Yes. How else could children get presents while they're sleeping in houses with the doors and windows locked when the only other people in the house are their parents?
Are you a child? Maybe you should leave the adults to discuss things on sciforums. This might not be the best place for you.
When I was a child, we had a book of kids' jokes, a small, illustrated thing. But in addition to a weird bit of personal lore associated with the book (a dead painter who might have seen the same book, for having illustrated a punch line to a different joke therein), there was also this: Q: What goes up a chimney down, but cannot go down a chimney up? A: An umbrella. The illustration was an all too happy Santa Claus rocketing out of someone's chimney with a closed umbrella, and I think in the second panel we could see his cap sticking out from under the open umbrella that didn't make it down the chimney. • • • Yes, and a fat, happy Buddha is anti-Buddhist propaganda. In either case, the fact that an idea catches on says more about the people who believe, than anything else.
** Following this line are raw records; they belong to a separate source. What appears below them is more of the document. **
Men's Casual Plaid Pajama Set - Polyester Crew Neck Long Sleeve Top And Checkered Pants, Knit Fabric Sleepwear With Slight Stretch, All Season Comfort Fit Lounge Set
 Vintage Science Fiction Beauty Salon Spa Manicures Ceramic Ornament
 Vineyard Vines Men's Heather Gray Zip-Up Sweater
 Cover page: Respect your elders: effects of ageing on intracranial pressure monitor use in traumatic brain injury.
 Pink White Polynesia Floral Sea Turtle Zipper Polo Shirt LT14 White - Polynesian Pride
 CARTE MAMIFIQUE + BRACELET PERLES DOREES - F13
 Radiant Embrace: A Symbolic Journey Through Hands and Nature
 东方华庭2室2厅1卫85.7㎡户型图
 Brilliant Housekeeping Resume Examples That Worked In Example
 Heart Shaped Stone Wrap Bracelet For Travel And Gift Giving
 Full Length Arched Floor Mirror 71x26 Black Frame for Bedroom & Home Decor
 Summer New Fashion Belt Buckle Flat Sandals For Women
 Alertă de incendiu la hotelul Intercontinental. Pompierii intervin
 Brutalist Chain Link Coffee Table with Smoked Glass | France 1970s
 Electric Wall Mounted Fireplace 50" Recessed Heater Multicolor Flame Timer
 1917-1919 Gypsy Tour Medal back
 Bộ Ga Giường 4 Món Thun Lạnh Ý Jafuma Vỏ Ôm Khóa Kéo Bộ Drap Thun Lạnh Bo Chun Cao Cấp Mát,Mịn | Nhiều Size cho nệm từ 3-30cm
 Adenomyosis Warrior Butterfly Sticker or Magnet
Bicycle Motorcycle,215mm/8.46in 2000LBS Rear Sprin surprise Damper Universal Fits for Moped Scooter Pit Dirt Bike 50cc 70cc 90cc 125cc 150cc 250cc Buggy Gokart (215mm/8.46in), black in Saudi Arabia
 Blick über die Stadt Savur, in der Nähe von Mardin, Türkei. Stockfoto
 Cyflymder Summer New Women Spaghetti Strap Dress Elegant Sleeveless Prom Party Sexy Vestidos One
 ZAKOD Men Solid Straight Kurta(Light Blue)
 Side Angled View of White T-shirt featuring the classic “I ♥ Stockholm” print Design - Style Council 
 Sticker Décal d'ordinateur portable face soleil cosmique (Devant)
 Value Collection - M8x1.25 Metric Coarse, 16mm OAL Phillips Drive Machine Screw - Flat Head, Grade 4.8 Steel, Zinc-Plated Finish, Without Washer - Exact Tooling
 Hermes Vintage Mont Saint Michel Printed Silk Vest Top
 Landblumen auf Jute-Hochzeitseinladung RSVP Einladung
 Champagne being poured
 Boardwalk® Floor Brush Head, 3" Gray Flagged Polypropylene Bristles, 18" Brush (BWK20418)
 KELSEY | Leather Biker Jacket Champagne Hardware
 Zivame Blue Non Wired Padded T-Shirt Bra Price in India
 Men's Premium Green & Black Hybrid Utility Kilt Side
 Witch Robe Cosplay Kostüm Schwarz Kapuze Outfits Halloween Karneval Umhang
I don't know the specifics about how chimneys were built in 1812, but it appears the chimney story is a nineteenth-century American tale first told by Washington Irving.
Given that some smoke conduits are too narrow (stoves) or are flues serving the gases of other appliances, Santa and his sleigh/reindeer shrink down to subatomic particle size in terms of travel and entering a residence. Deposited gift packages are timed to enlarge to normal size after a couple minutes. In addition, this shrinkage allows actions clocked micro-incrementally along the spectrum from attoseconds to zeptoseconds to yoctoseconds, so that Santa can globally visit the millions of applicable abodes in one night.